President Higgins and Pope Francis urge world leaders to form 'effective responses to global challenges'

President Michael D Higgins and Pope Francis have urged world leaders to recognise the need for new and effective responses to global challenges.

President Higgins and Pope Francis urge world leaders to form 'effective responses to global challenges'

President Michael D Higgins and Pope Francis have urged world leaders to recognise the need for new and effective responses to global challenges.

The two heads of state met in the Vatican where they discussed migration, climate change, sustainable development, the failure to prevent ever increasing threats of conflict and poverty.

They also talked about the need to achieve social cohesion, values of solidarity and global responsibility in Brexit negotiations, the President's office said.

A spokesman said the issues were of mutual concern to both Mr Higgins and the pontiff.

British Prime Minister Theresa May is to join US President Donald Trump and newly-elected French president Emmanuel Macron and the leaders of Canada, Germany, Italy and Japan at the G7 summit in Taormina, Sicily this week.

The pope and Mr Higgins urged them to recognise the sense of urgency on global issues.

They called on them to see the need "to craft new and effective responses to global challenges".

"In particular, they agreed on the need to turn commitments on which the public had placed their trust into outcomes and action," a statement from the President's office said.

Since being elected in 2011 Mr Higgins has quoted the pope on a number of occasions and also referred to the "the globalisation of indifference", a phrase used by the pontiff about the handling of the migrant and refugee crisis in the Mediterranean.

Mr Higgins' spokesman said the two men also discussed their shared conviction that new connections between ethics, economy and ecology must be at the core of all work of social and intellectual reconstruction in this new century.

He said they also agreed there can be no resolution to global issues world without an engaged alternative to "the globalisation of indifference".

Later, in a speech at the Pontifical Irish College in Rome, President Higgins said he had discussed Brexit with the Pope and he said it was important for people to face up to the difficulties it poses.

"As with the great task of building peace and reconciliation in Northern Ireland, there are those who will say that the challenges currently facing Europe are too deep and complex to solve," Mr Higgins said.

"And, as with Northern Ireland, it is important that we do not evade difficulties, that we face them in a spirit of truth and honesty, while keeping our eyes firmly set on the ideal and the greater human values guiding our actions."

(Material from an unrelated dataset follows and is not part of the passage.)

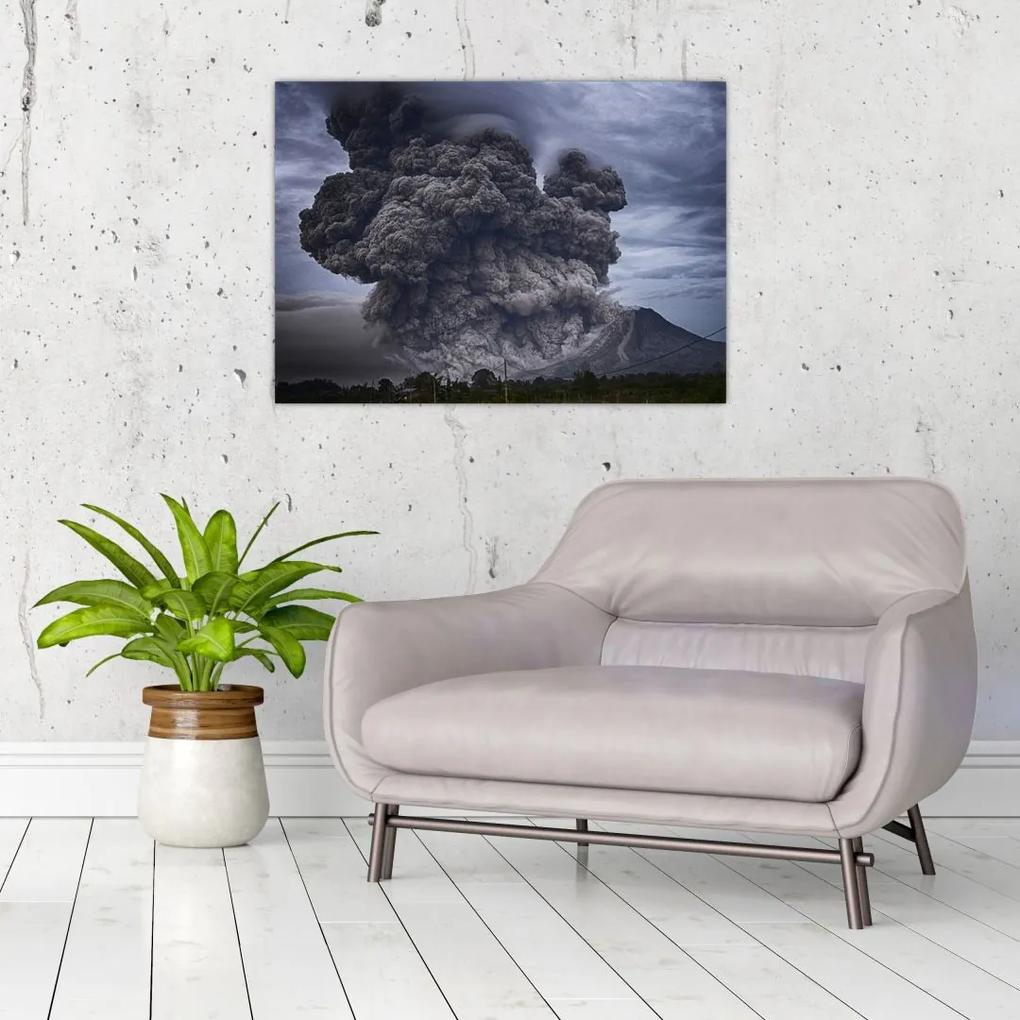 Sklenený obraz - Sopečná erupcia (70x50 cm)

President Higgins said he and the Pope also discussed the "urgent and wider task of building new paths of hope and renewal for European citizens".

He paid tribute to the Pope and said he has been an "indispensable voice of humanity and clarity".

"Pope Francis is a man who touches us all by his unique courage in identifying the crippling contradictions of our age and the need to engage with the assumptions that sustain them," he said.

"He does this with words that are infused with both humility and passion.

"He has been, since his elevation, a compelling voice tirelessly awakening us to the web of interdependencies that weaves humanity together, as well as weaving us all, humans and non-humans, to our shared and fragile planet."

President Higgins added: "He has journeyed to places of discord, where he has sought to sow the seeds of peace.

"He has been a voice for those most vulnerable - calling for housing for the homeless, land for the landless and the native peoples, dignified employment for those excluded from the labour market, and the fundamental right that all of them have to question 'macro-relations' of power and inequality."

Mr Higgins also said he was looking forward to the Pope's planned visit to Ireland next year.

And he said many people will be "inspired, strengthened and challenged" by it.

"It will be another important moment in the global dialogue we so pressingly need about the kind of society we want to build for this and for future generations," he said.

During the audience with the Pope, President Higgins gave him a climate bell by artist Vivienne Roche, entitled Mother Earth Bell, which was inspired by a speech the president gave at the Paris climate conference.

Pope Francis gave Mr Higgins medallions with an inscription from Isaiah 32:15: "Until the Spirit is poured out upon us from on high, And the wilderness becomes a fertile field, And the fertile field is considered as a forest."